The mayor of Cáceres, Luis Salaya, backs down after stating this morning that the General Urban Planning Plan (PGM) of Cáceres could not prevent an underground mine in Valdeflores. In a statement issued by the City Council minutes before three in the afternoon, it rectifies the councilor’s statements, indicating that the urban plan prohibits mining activity 2 kilometers from Cáceres, “which prevents an underground mine in this area as proposed by Infinity Lithium ».
Salaya had indicated a few hours earlier, at the presentation of the first ‘Carbon Neutral’ campus data center in Europe, corresponding to the first phase of the CCGreen project, that the urban plan could not prevent an underground mine, so he wanted to rectify those statements . He also insisted that the new project “does not exist beyond the speculative world” because the promoting company has not registered it with any administration.
This legal instrument for urban planning is the main obstacle that the Valdeflores open-pit mining project has encountered so far, and in fact the City Council of Cáceres already refused to modify it in 2018 after the negative reports prepared by the technicians.
The plan regulates soil, subsoil and flight, hence any mining activity two kilometers from Cáceres cannot be carried out either underground or on the surface, indicates the Consistory statement.
In addition, the extractive activity in the subsoil is also a mining activity, and once the soil is excavated and the material is removed, both the cleaning and the subsequent treatment are carried out on the surface.
The Cáceres urban planning plan is the main obstacle that the Valdeflores open-pit mining project has encountered so far, and in fact the Cáceres City Council already refused to modify it in 2018 after the negative reports prepared by the technicians.
In an interview recently published in HOY, the CEO of Extremadura New Energies, Ramón Jiménez, assured that the new project will be handed over to the competent administrations once the dispute over the denial of the Valdeflórez research permit by the Board, which is pending a judicial resolution after the appeal filed by Infinity Lithium.
The new project contemplates an underground mine that would be accessed through a tunnel located next to the lithium treatment plant, with a much lower visual impact than the initially planned open-pit mine, and which to date is the only one that has been processed.
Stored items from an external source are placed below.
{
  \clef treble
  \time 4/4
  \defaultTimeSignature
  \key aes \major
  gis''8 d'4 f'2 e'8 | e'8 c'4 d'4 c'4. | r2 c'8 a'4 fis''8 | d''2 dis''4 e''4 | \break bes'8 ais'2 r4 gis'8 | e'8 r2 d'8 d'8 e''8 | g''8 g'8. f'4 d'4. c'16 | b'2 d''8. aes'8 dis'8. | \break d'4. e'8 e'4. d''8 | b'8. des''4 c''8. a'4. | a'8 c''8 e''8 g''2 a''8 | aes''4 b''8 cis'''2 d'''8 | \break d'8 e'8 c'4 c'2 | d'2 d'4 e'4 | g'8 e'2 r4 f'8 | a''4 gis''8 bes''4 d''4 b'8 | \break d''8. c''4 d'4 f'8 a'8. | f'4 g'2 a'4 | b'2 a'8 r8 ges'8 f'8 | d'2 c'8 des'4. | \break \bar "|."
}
According to the company, the processes applied for lithium refining also change so that they are less polluting, as well as the consumption of water, which is reused after obtaining it from the treatment plant. It also ensures that the Calerizo aquifer would not be affected, since it is located in a different geological fold than where the deposit that is expected to be exploited is located.
Eddie is an Australian news reporter with over 9 years in the industry and has published on Forbes and tech crunch.